Correction des droits à la retraite : nouvelles règles de transmission des données sociales

Publié le : 13/05/2026 13 mai mai 05 2026

La fiabilité des droits sociaux repose sur l’exactitude des données issues de la déclaration sociale nominative. En matière d’assurance vieillesse, les erreurs déclaratives peuvent affecter directement la constitution des droits à pension. Un arrêté du 30 avril 2026, pris en application des articles L. 242-1-3 et R. 133-14-3 du Code de la sécurité sociale, précise les modalités de transmission des informations destinées à corriger ces droits et encadre la circulation des données sociales entre organismes compétents.

Quels organismes peuvent recevoir les données nécessaires à la régularisation des droits ?

Le texte identifie les destinataires habilités à recevoir les informations issues de la DSN en vue d’une régularisation. Sont concernés les organismes gestionnaires des régimes obligatoires d’assurance vieillesse ainsi que les services en charge du relevé de carrière. Les données transmises couvrent un champ étendu. Elles comprennent les éléments d’identification de l’employeur et du salarié, les informations relatives aux cotisations sociales, celles portant sur la relation de travail, y compris sa suspension ou sa rupture, ainsi que les composantes de la rémunération. Les organismes de recouvrement doivent en outre préciser les périodes d’emploi visées par les corrections ou redressements, assurant ainsi une traçabilité précise des ajustements opérés sur les droits sociaux.

Selon quelles modalités les informations sont-elles transmises et quelles obligations en découlent ?

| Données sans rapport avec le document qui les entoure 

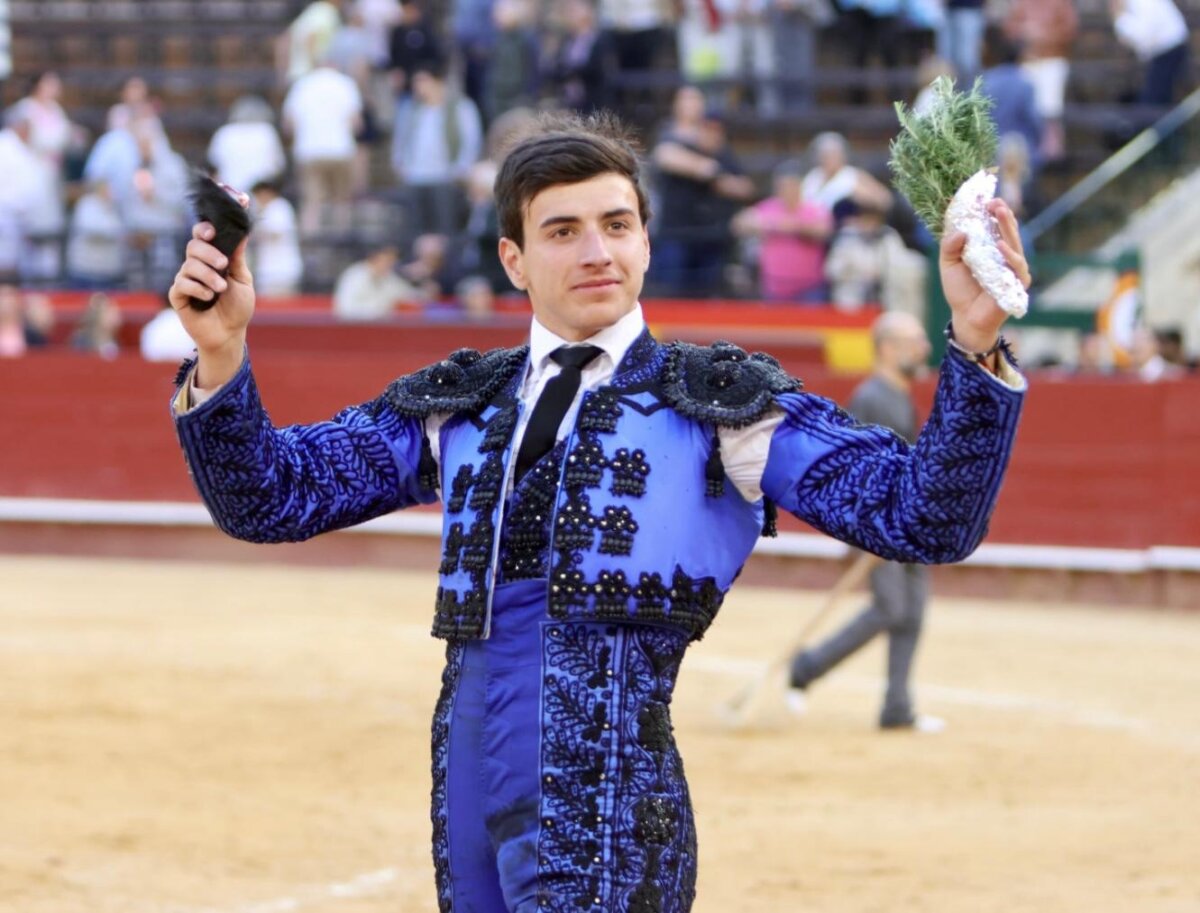 Ismael Martín y Nek Romero, orejas en la novillada de Valencia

La transmission des données s’effectue conformément à la norme d’échange prévue à l’article R. 133-13 du Code de la sécurité sociale. Ce cadre normalisé garantit l’interopérabilité des systèmes d’information des administrations sociales et sécurise les flux de données sensibles. L’objectif est de permettre une mise à jour rapide et fiable des droits à pension ou à prestations sociales lorsque des anomalies déclaratives sont constatées. Par ailleurs, l’arrêté instaure une obligation d’information à la charge de l’employeur. Lorsqu’il est avisé d’une correction susceptible d’avoir une incidence sur les droits du salarié, il doit en informer l’intéressé par tout moyen et dans un délai raisonnable. Cette exigence renforce la transparence dans la gestion des carrières et impose une vigilance accrue des entreprises dans le suivi des rectifications opérées via la DSN.